[Image-text web data]
================

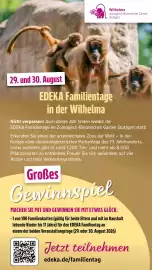 Edeka Niemerszein Prospekt woche 28 Seite 53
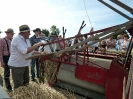 Anbindern_261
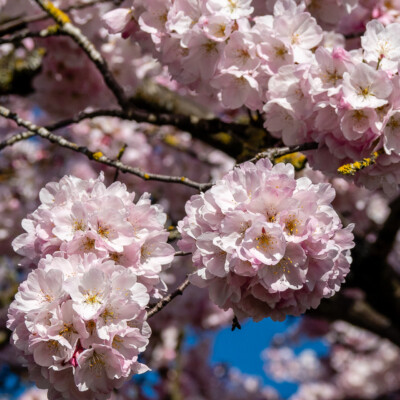 Cherry Blossoms at the waterfront in Portland, Spring 2024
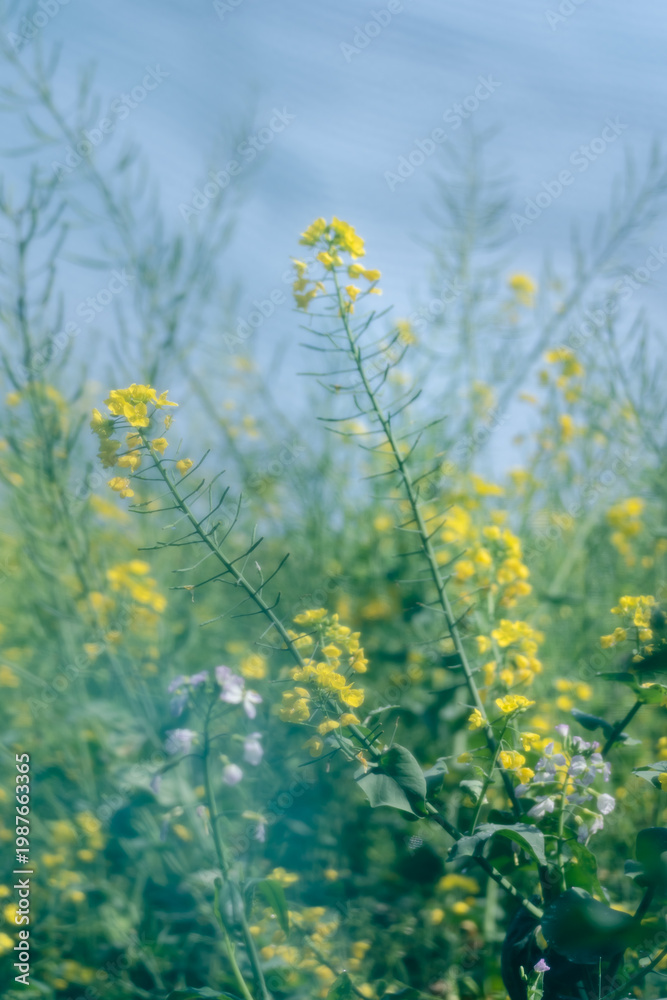 Fototapeta premium Close-up of the spring rape flowers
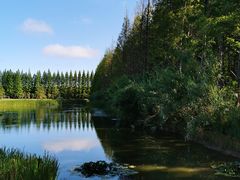 -黄海国家森林公园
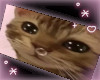 ! snot bubble kitty :D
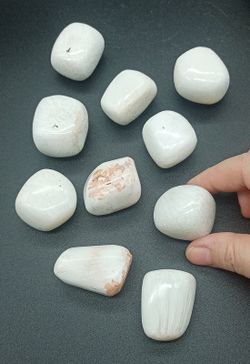 Rodados de Escolecita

================

Although the records above contain pictures, output every line exactly and leave the pictures out.

WRITTEN RESPONSE.
 Edeka Niemerszein Prospekt woche 28 Seite 53
 Anbindern_261
 Cherry Blossoms at the waterfront in Portland, Spring 2024
 Fototapeta premium Close-up of the spring rape flowers
 -黄海国家森林公园
 ! snot bubble kitty :D
 Rodados de Escolecita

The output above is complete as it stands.